Analogizing highway sobriety checkpoint programs to the checkpoints used at fixed borders to intercept illegal aliens (which have also been upheld as constitutional), the Court reasoned that the level of intrusion from sobriety spot checks is minimal when compared to the magnitude of the public interest in eradicating drunk driving.
Drug Interdiction Roadblocks
On the same reasoning, the Court subsequently ruled that a highway checkpoint program for the purpose of interdicting illegal narcotics violates the Fourth Amendment, where officers make stops without individualized suspicion. Specifically, the Court struck down the operation of drug checkpoints in City of Indianapolis v. Edmund, holding that the primary purpose of the Indianapolis checkpoint program was “ultimately indistinguishable from the general interest in crime control.”
While the intrusion from sobriety checkpoints is justified by the magnitude of the public interest in getting drunk drivers off the road, the intrusion from drug interdiction roadblocks cannot be so justified (because drug interdiction roadblocks serve only the general purpose of investigating crime). Accordingly, the balance of a motorist’s right to privacy against the general public interest in crime control does not tip in favor of the State when assessing the constitutionality of a checkpoint where the primary purpose is to interdict drugs.
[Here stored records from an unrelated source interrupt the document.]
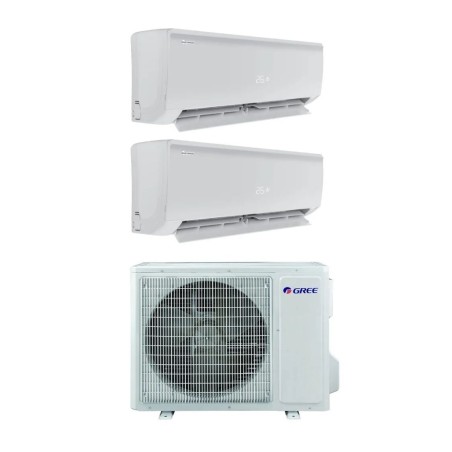 Climatizzatore Condizionatore GREE Dual Split Inverter serie BORA PLUS 12000+12000 con GWHD(18)NK6OO R-32 12+12 WI-FI OPTIONAL A++/A+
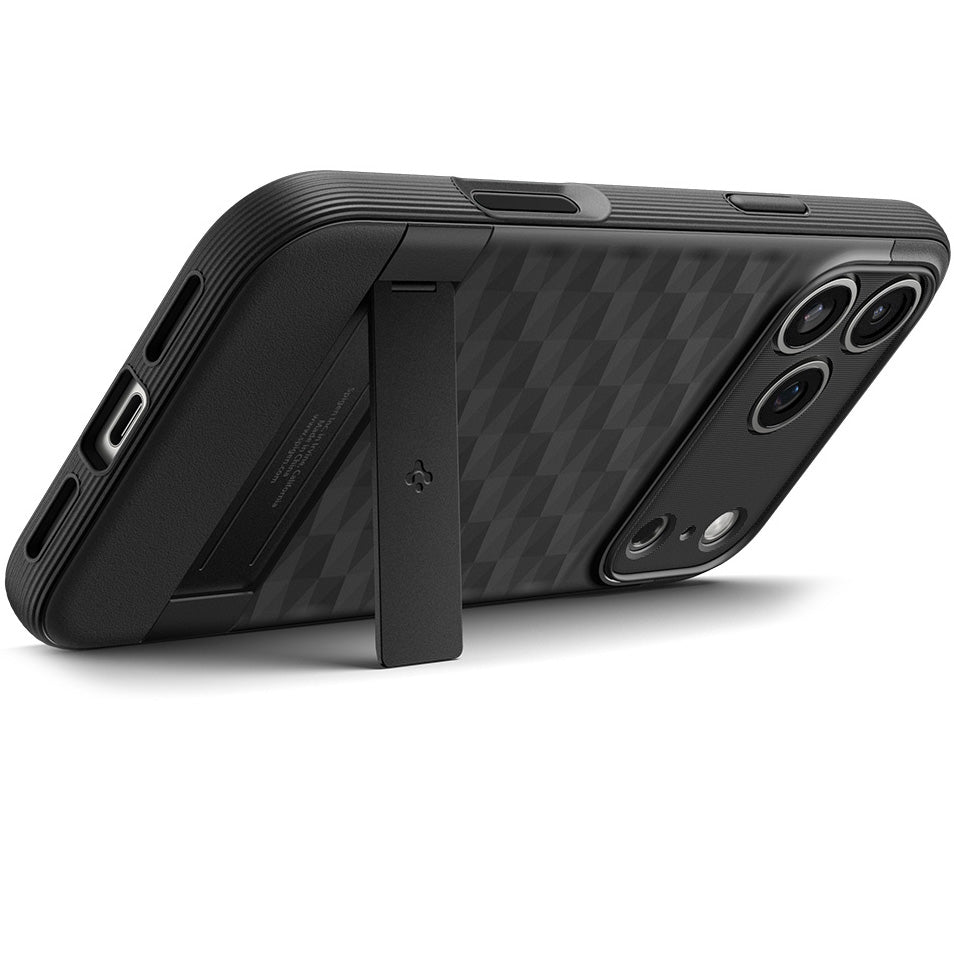Handyhülle für iPhone 17 Pro, Spigen Parallax S Mag mit MagSafe, Schwarz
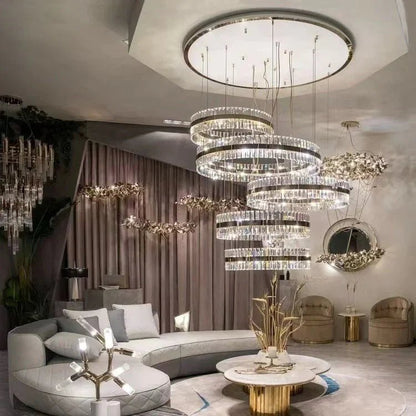 5-Ring Crystal Chandelier in Gold Finish-Nobipets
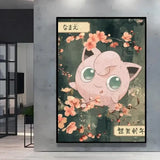Affiche peinture pokémon nature avec jigglypuff rose aux grands yeux verts entouré de fleurs de pêcher sur fond sombre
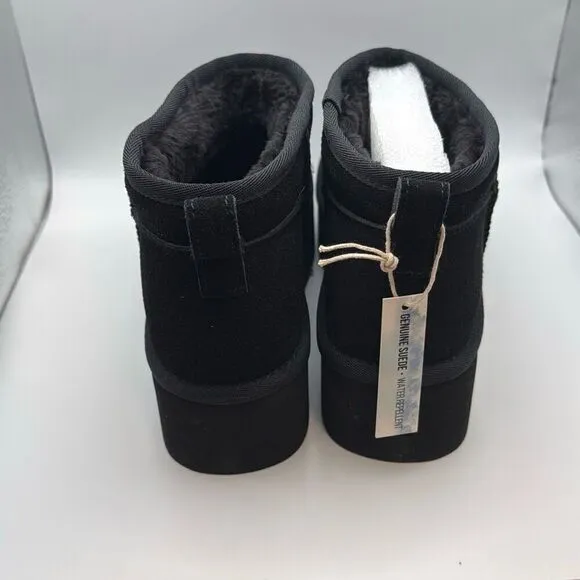 CUSHIONAIRE Cozy Women’s Platform Ankle Boots SIZE 9.5 BLACK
Emphasizing that the ruling in Edmund does govern the outcome of every case that involves suspicionless highway stops, the U.S. Supreme Court upheld the constitutionality of suspicionless information-seeking stops in the 2004 decision of Illinois v. Lidster. In that case, law enforcement officers set up a highway checkpoint to obtain information from motorists about a hit-and-run accident that had occurred about one week earlier in the same location, briefly asking the motorists whether they had seen anything and handing each driver a flyer describing the accident. In the course of the operation of this checkpoint, officers arrested Lidster for DUI.
The Court distinguished the information-seeking checkpoints in Lidster from the drug interdiction roadblocks in Edmund, reasoning that the primary purpose of the information-seeking stop was for help in providing information about a crime that was most likely committed by someone other than the vehicle occupant. In contrast, the primary purpose of the spot checks in Edmund was to determine whether a vehicle’s occupants were committing a crime. Accordingly, the intrusion on a motorist’s Fourth Amendment rights from the brief information-seeking stop in Lidster was minimal compared to “the gravity of the public concerns served by the seizure.”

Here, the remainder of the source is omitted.